▶ **Your assignment**
The line with "7 Pcs Beauty" marks the first line to copy, and the line with "DUO Art Gallery" marks the last. Transcribe that stretch of the data below exactly, without pictures.

▶ **Provided material**
══════════

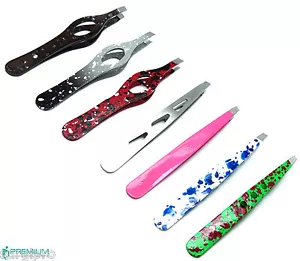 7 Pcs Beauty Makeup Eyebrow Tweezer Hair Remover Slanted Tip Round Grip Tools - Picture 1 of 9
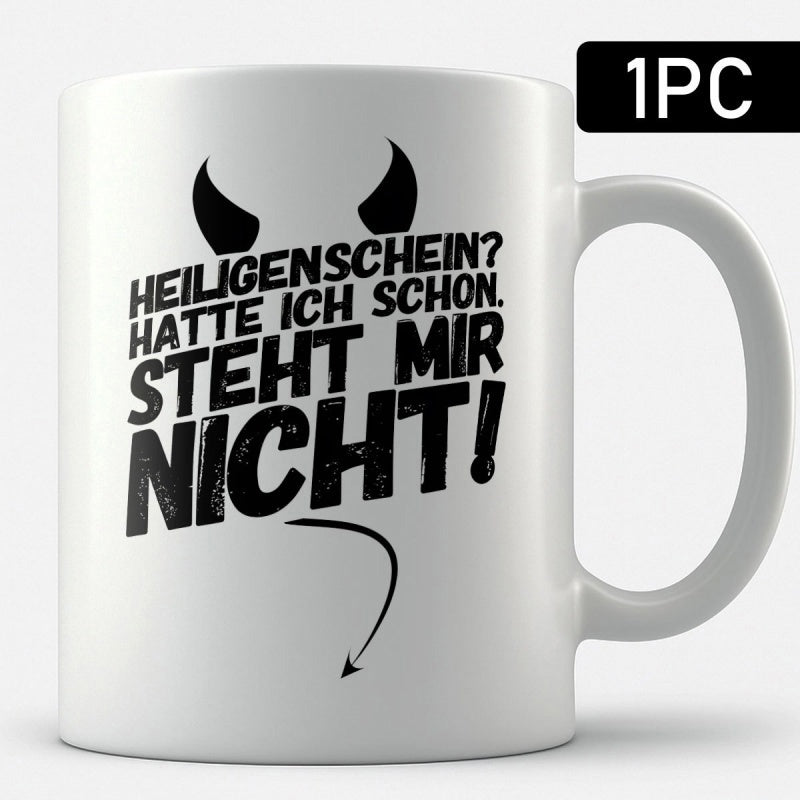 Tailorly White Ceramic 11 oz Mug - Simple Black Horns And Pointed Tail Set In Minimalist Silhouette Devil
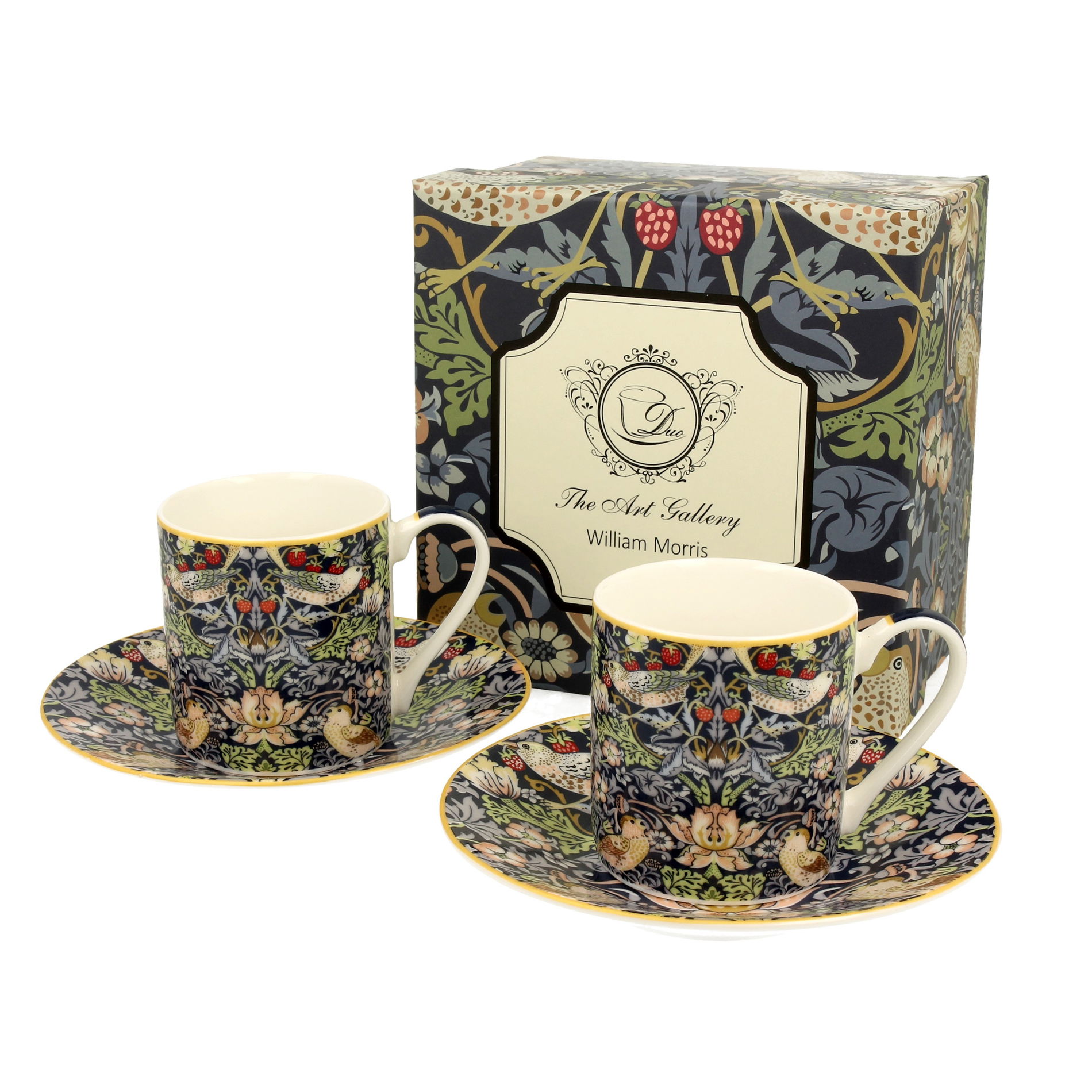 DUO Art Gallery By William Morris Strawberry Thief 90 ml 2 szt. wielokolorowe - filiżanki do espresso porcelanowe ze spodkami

══════════

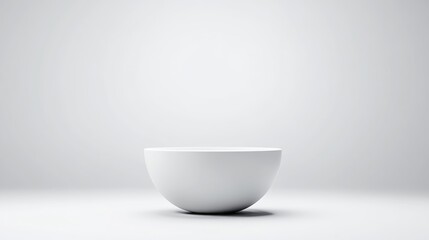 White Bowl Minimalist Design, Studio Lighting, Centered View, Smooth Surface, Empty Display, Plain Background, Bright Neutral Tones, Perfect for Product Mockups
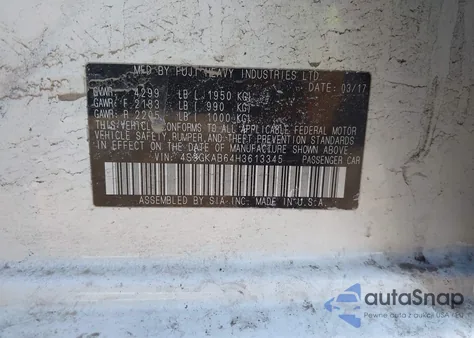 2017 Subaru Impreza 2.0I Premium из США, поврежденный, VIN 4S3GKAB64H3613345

══════════

▶ **Finished task**
 7 Pcs Beauty Makeup Eyebrow Tweezer Hair Remover Slanted Tip Round Grip Tools - Picture 1 of 9
 Tailorly White Ceramic 11 oz Mug - Simple Black Horns And Pointed Tail Set In Minimalist Silhouette Devil
 DUO Art Gallery By William Morris Strawberry Thief 90 ml 2 szt. wielokolorowe - filiżanki do espresso porcelanowe ze spodkami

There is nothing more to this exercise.